(Beginning of Data)

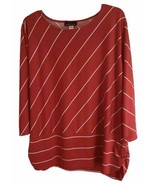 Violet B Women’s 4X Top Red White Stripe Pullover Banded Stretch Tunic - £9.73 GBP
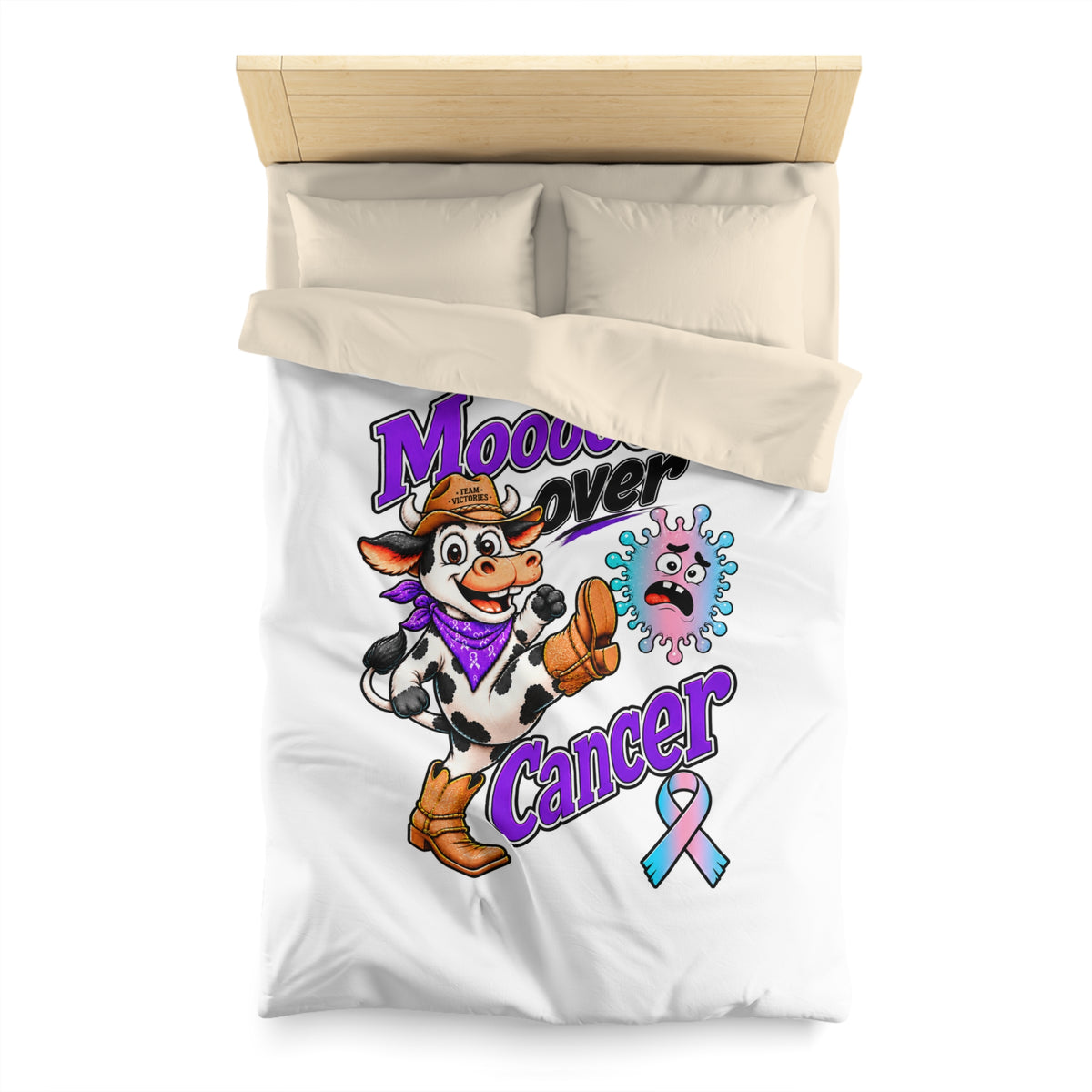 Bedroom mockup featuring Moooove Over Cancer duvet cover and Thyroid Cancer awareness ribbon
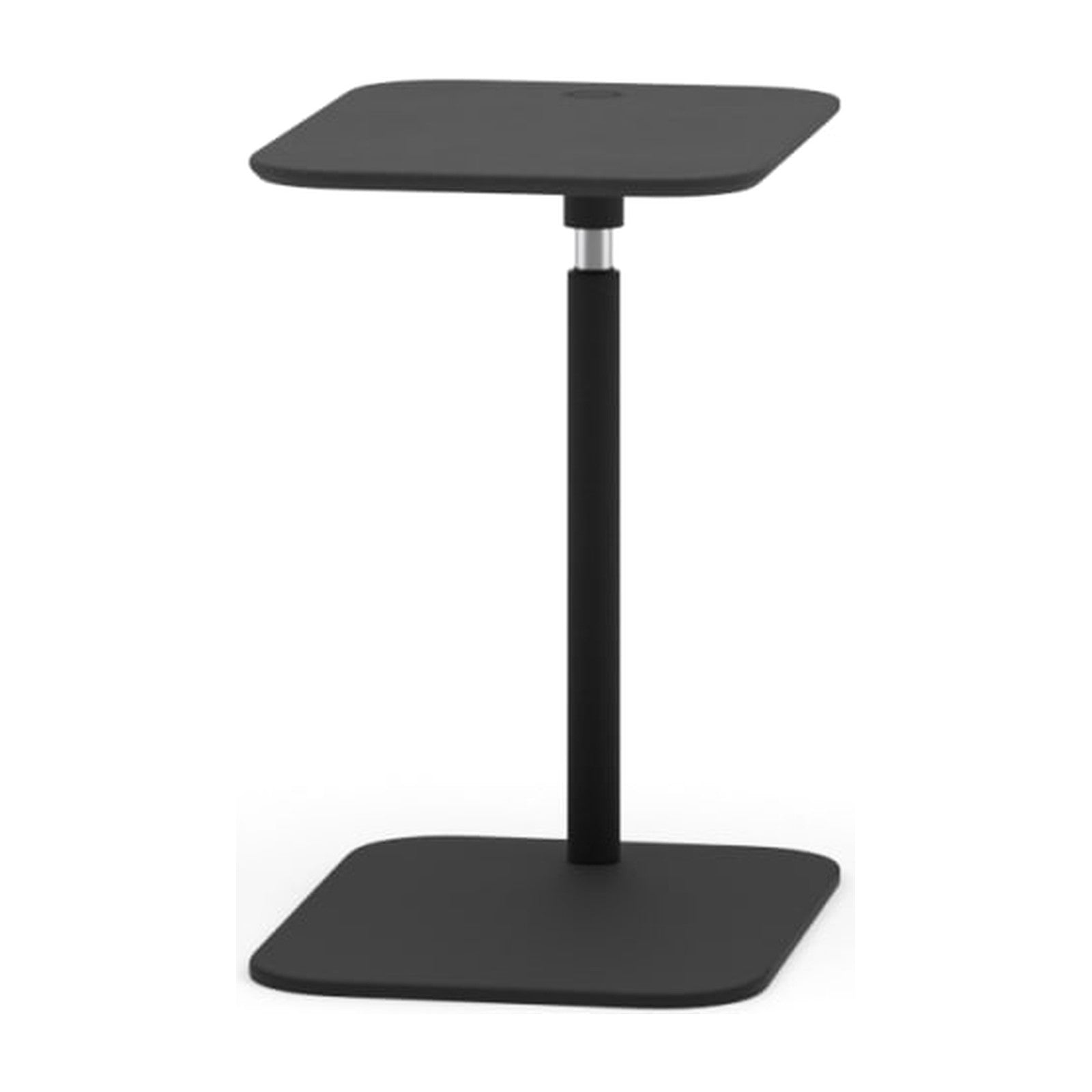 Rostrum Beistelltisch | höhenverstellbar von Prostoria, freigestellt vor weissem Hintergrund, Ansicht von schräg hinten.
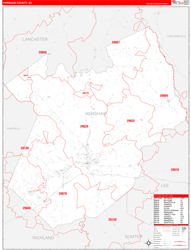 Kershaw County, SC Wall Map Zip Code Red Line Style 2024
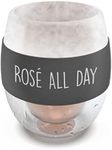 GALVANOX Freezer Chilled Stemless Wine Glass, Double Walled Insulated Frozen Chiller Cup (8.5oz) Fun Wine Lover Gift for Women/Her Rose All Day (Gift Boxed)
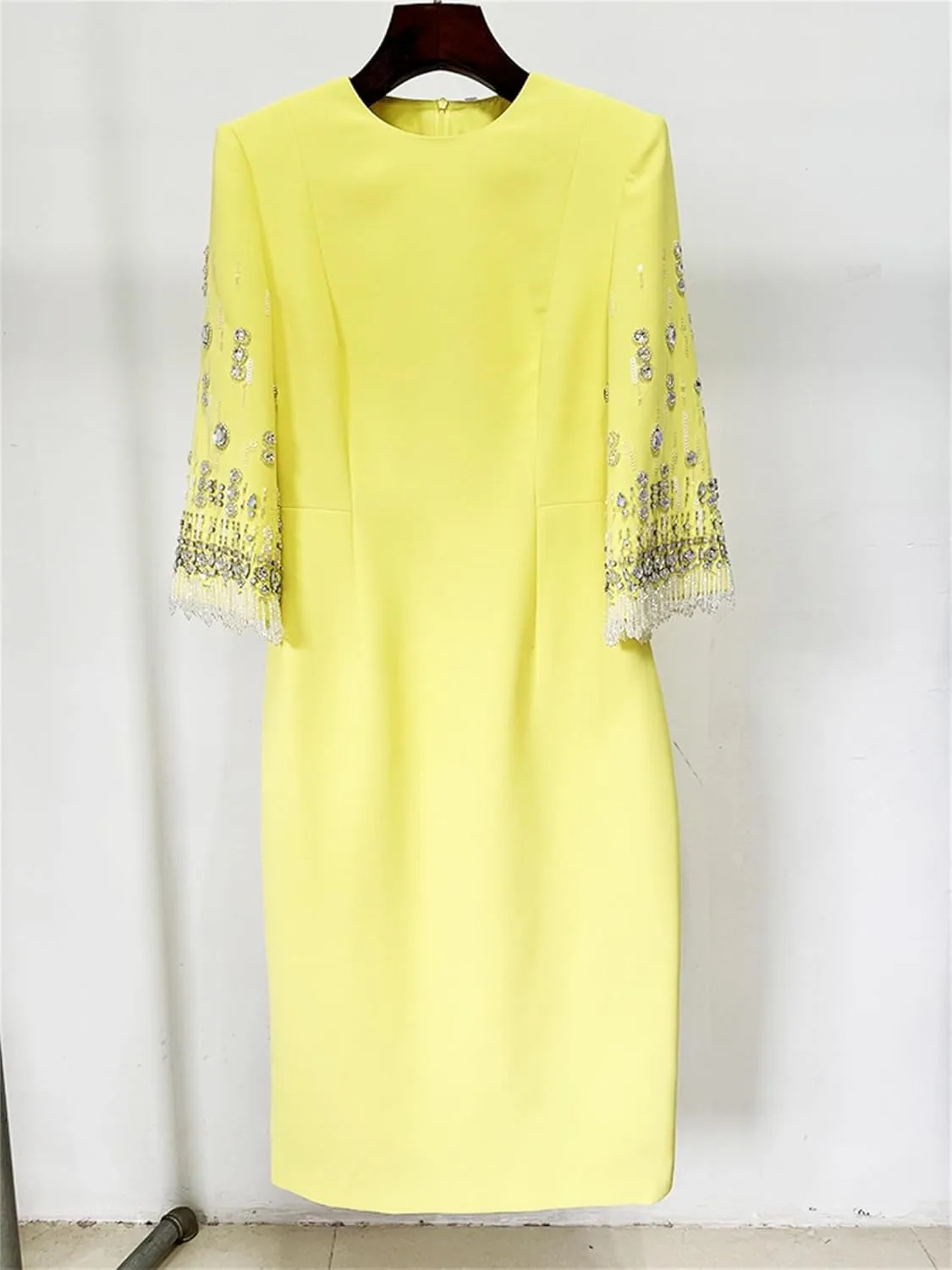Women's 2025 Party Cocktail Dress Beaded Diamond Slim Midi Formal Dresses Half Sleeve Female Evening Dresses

(End of Data)
(Beginning of Data)

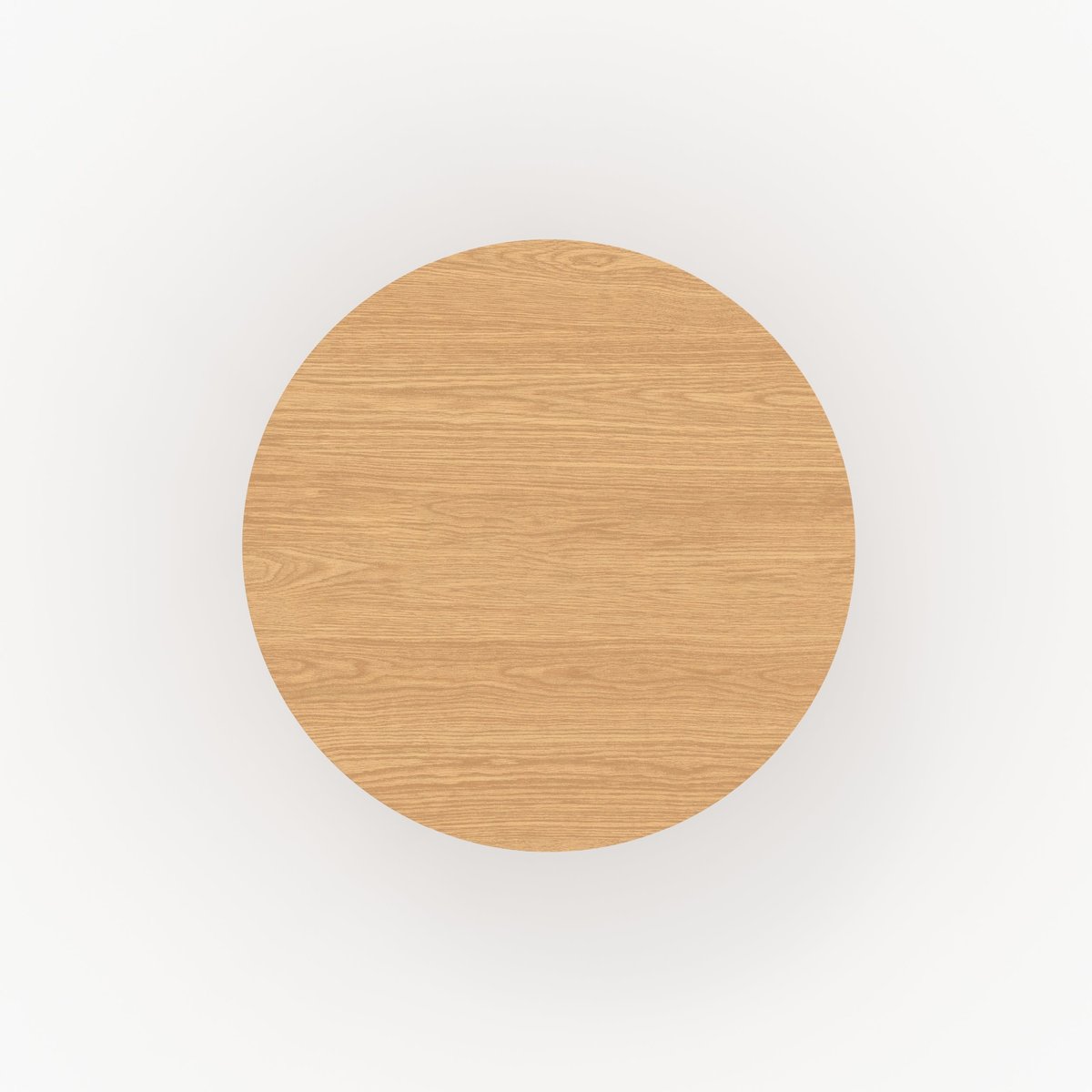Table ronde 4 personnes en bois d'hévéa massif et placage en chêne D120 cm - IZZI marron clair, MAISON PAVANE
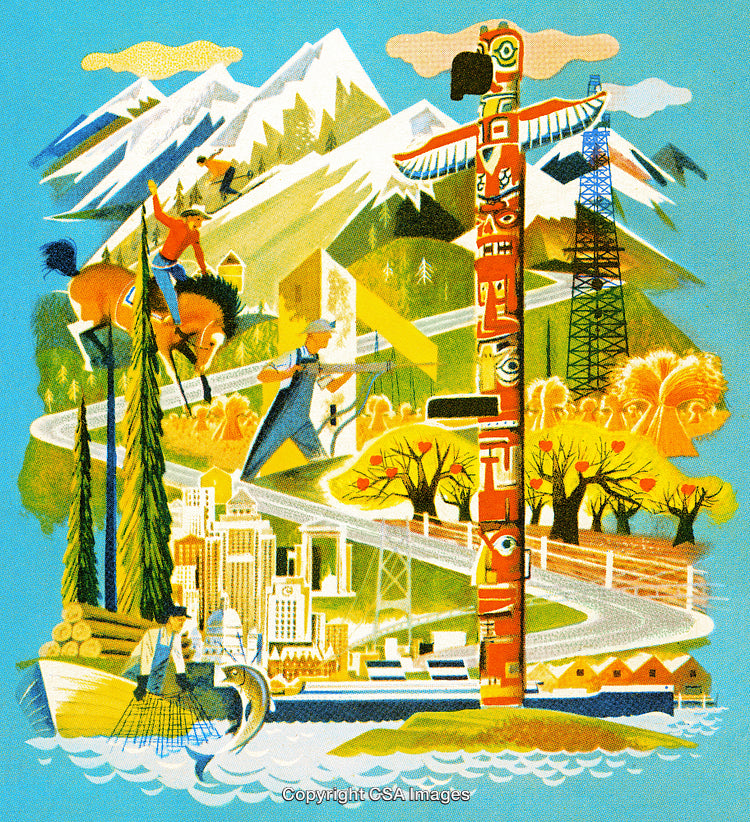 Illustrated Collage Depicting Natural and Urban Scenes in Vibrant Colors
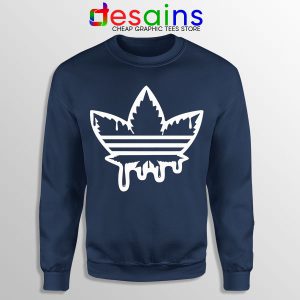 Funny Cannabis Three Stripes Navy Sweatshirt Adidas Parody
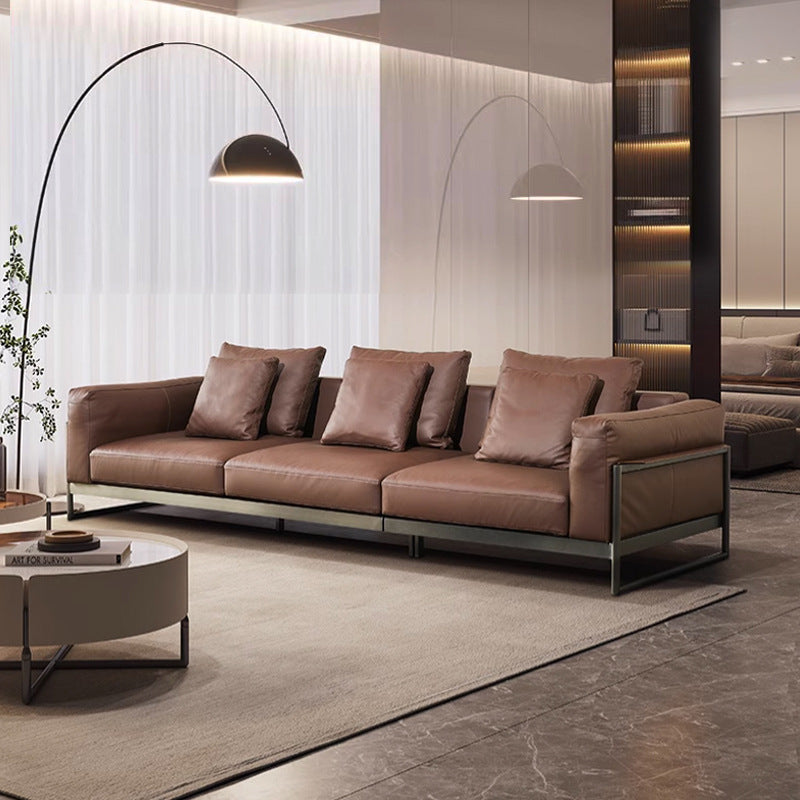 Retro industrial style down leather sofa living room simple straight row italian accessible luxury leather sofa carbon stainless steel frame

(End of Data)
(Beginning of Data)

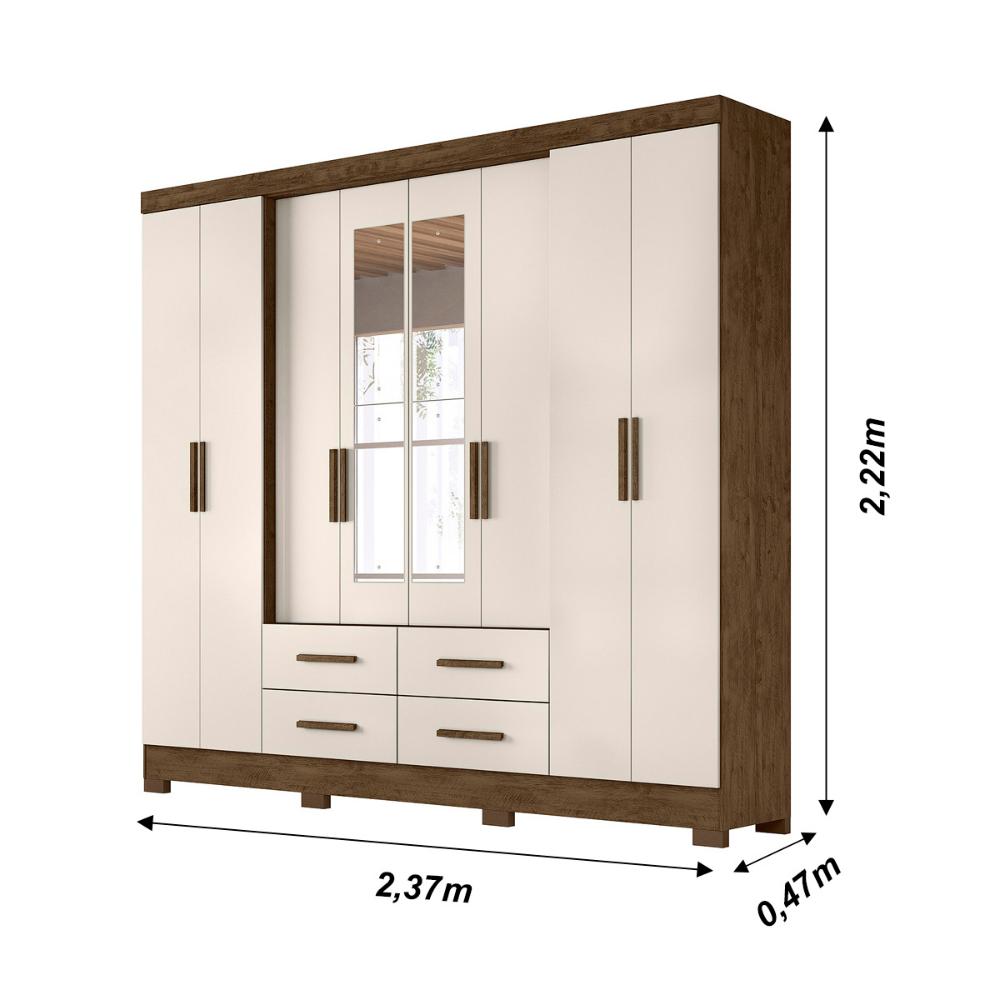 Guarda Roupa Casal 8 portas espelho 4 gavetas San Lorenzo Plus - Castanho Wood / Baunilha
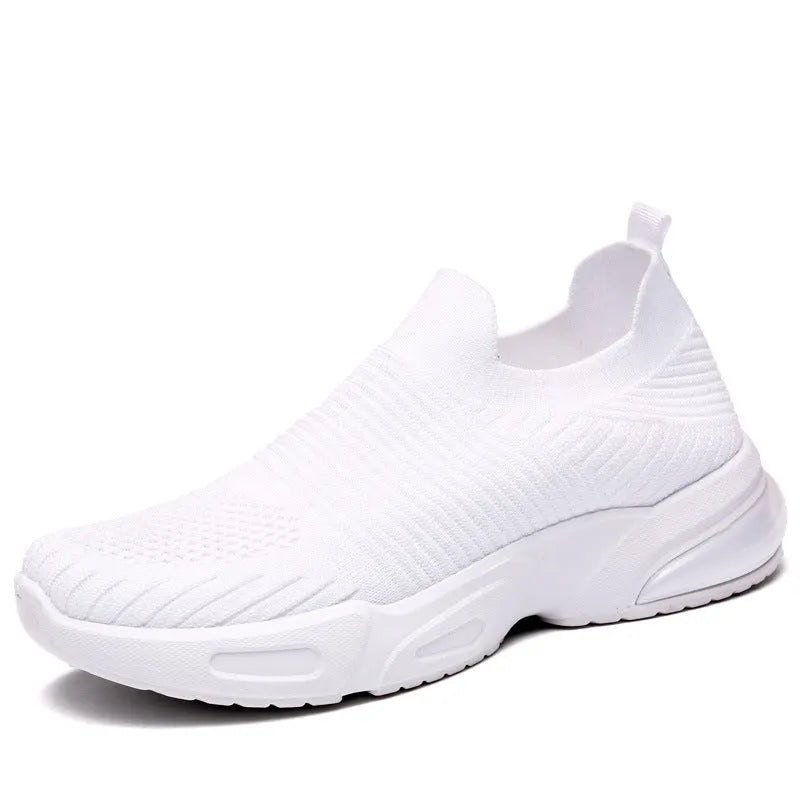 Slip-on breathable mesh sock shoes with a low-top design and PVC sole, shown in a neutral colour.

(End of Data)

Extract from the material above the stretch running from the line containing "Table ronde 4" through the line containing "Retro industrial style". Keep the text exact and the pictures out.

Table ronde 4 personnes en bois d'hévéa massif et placage en chêne D120 cm - IZZI marron clair, MAISON PAVANE
 Illustrated Collage Depicting Natural and Urban Scenes in Vibrant Colors
 Funny Cannabis Three Stripes Navy Sweatshirt Adidas Parody
 Retro industrial style down leather sofa living room simple straight row italian accessible luxury leather sofa carbon stainless steel frame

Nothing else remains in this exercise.